Optionally, for combination of the first part and the second part of the neural network 40, the second set of parameters are acquired through backward propagation, for combination of the first part and the (i+1)  th part of the neural network 40, i>1, the (i+1)  th set of parameters are acquired through backward propagation and based on the first set of parameters updated through training for  combination of the first part and the i th part of the neural network 40, and for combination of the first part and a series of the second part to the (N+1)  th part of the neural network 40, the (i+1)  th set of parameters are updated through backward propagation and based on the first set of parameters updated through training for combination of the first part and the (N+1)  th part of the neural network 40 and based on the (i+1)  th set of parameters updated through training for combination of the first part and the (i+1)  th part of the neural network 40.

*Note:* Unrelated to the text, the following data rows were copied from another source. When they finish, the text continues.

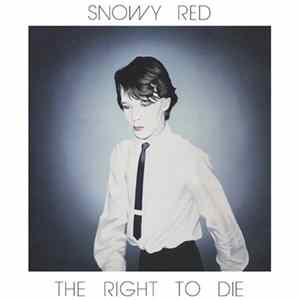 Snowy Red - The Right To Die Album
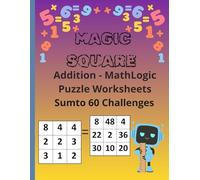 Magic Squares Math Puzzle Book for Kids Ages 8-12: Addition Logic Puzzles and Brain Teasers with 150 Number Challenges for Smart Kids: Fun Math ... Squares Puzzle Book for Kids Sum Challenges)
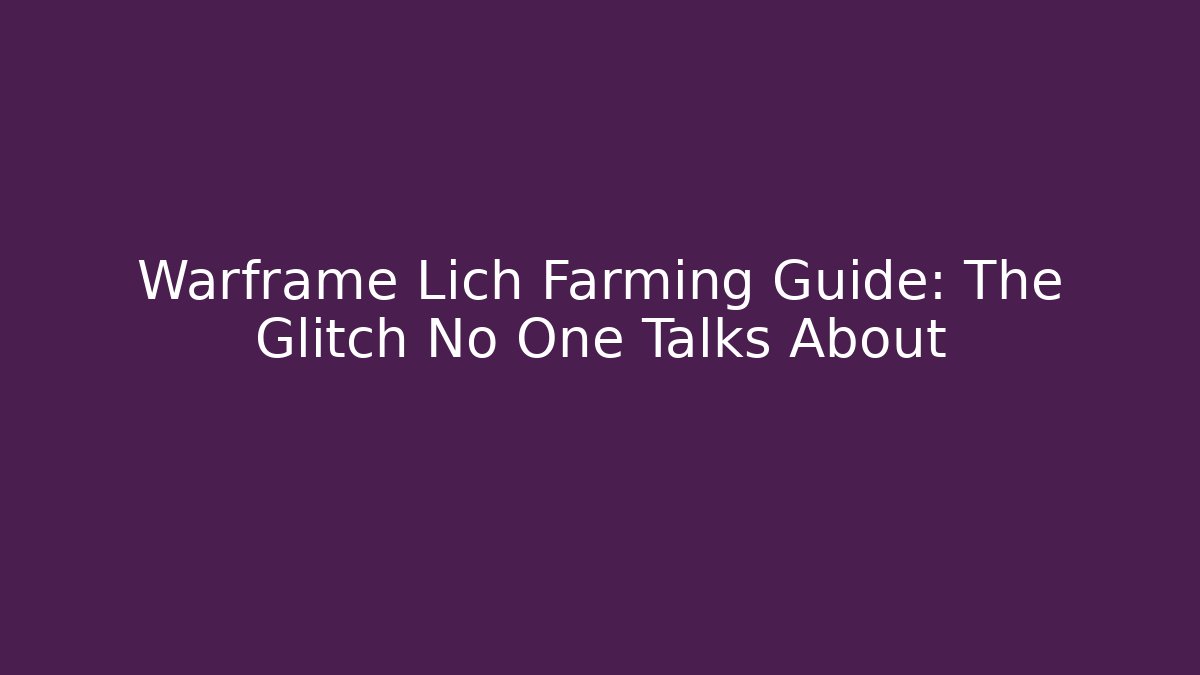 Warframe Lich Farming Guide: The Glitch No One Talks About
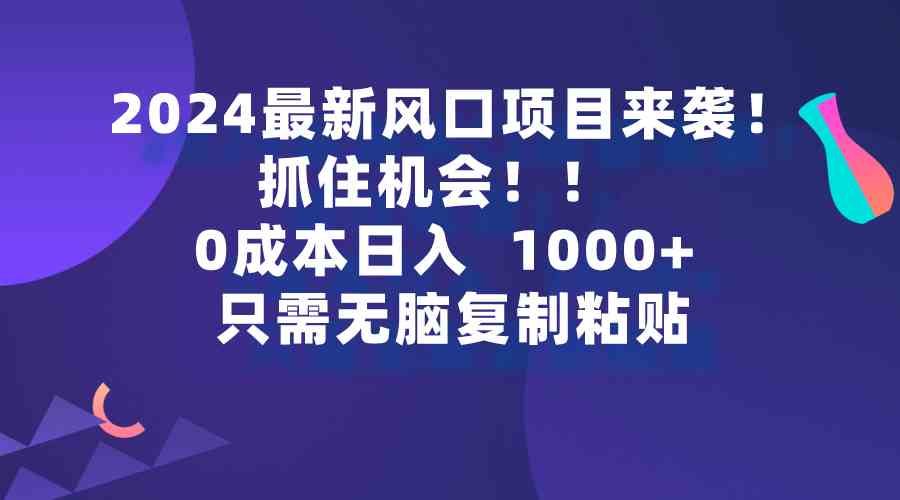（9899期）2024最新风口项目来袭，抓住机会，0成本一部手机日入1000+，只需无脑复…-沐羽项目网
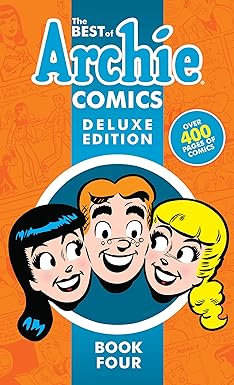 The Best of Archie Comics Book 4 Deluxe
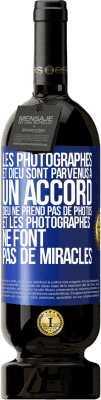 49,95 € Envoi gratuit | Vin rouge Édition Premium MBS® Réserve Les photographes et Dieu sont parvenus à un accord. Dieu ne prend pas de photos et les photographes ne font pas de miracles Étiquette Bleue. Étiquette personnalisable Réserve 12 Mois Récolte 2014 Tempranillo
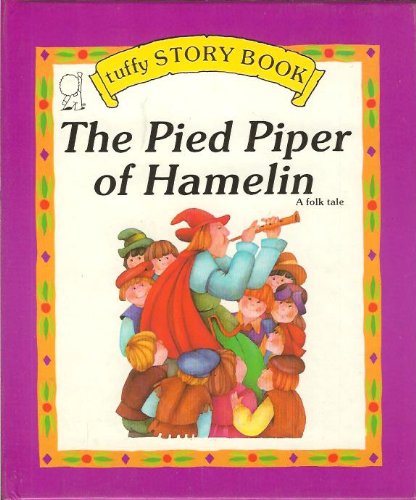 The Pied Piper of Hamlin (Tuffy Story Books)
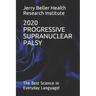 Progressive Supranuclear Palsy: The Best Science in Everyday Language!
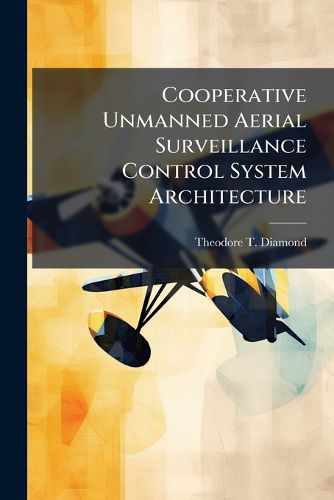Cover image for Cooperative Unmanned Aerial Surveillance Control System Architecture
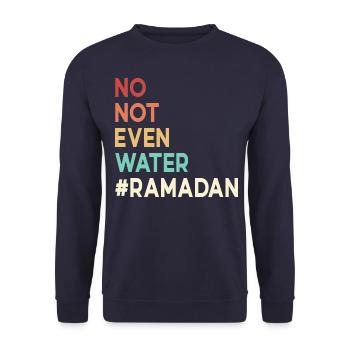 No not even water Ramadan - Unisex Sweatshirt - navy - Front - Alina (178cm) & Michal (187cm)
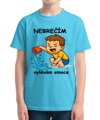 Dětské tričko - Nebrečím, vylévám emoce!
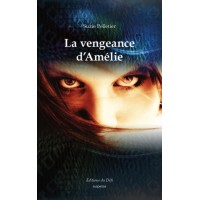La vengeance d'Amélie - Suzie Pelletier
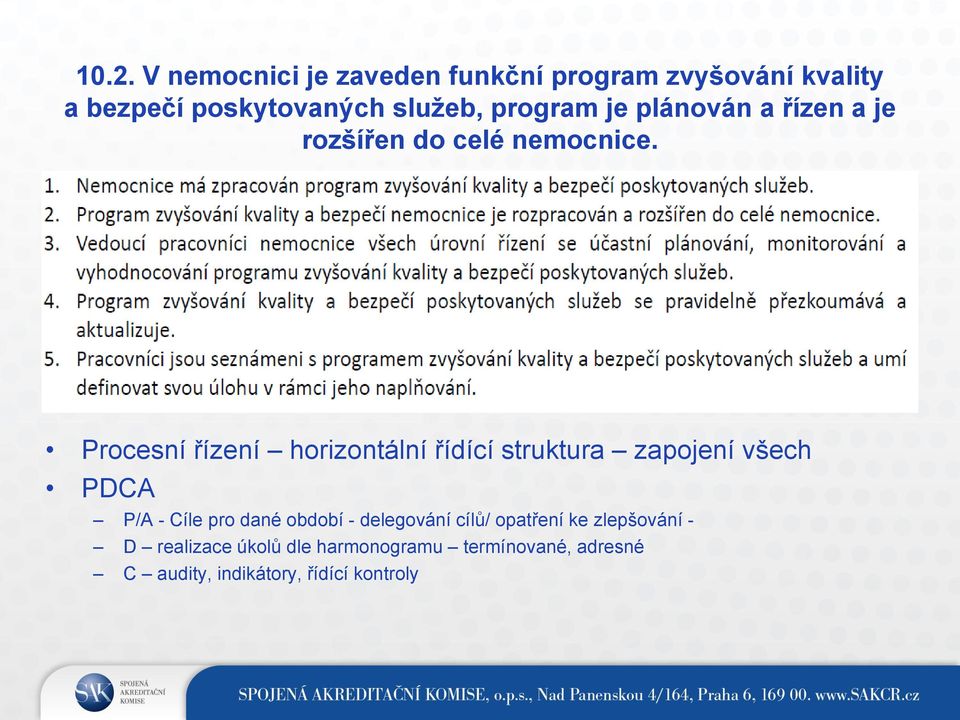 Procesní řízení horizontální řídící struktura zapojení všech PDCA P/A - Cíle pro dané období -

Optionally, the neural network 40 can include: a basic convolution layer, a basic residual module, a feature attention mechanism module, a feature fusion module, a scale-independent feature extraction module, step-by-step deconvolution module.
Optionally, one of the N image processing tasks is to output dense map of target objects, and the outputs of the corresponding part of the neural network 40 can include: dense maps of different components of the target objects; the method 100 can further include: counting number of the target objects based on weighted sum of the dense maps of different components of the target objects.
Optionally, one of the N image processing tasks is to output dense map of target objects, and the corresponding part of the neural network 40 can include: a scale-independent feature extraction module, and a step by step deconvolution module receiving output of the scale-independent feature extraction module.
Following is a use case in which the solution provided in the present disclosure can be adopted. Referring to FIG. 5, in this use case, a lightweight crowd counting and pedestrian detection system 80 for edge device is provided. The system 80 can include:
- an online training module 801, configured to train a neural network 813, used for image processing;
- an offline module 802, configured to execute image processing via neural network 813.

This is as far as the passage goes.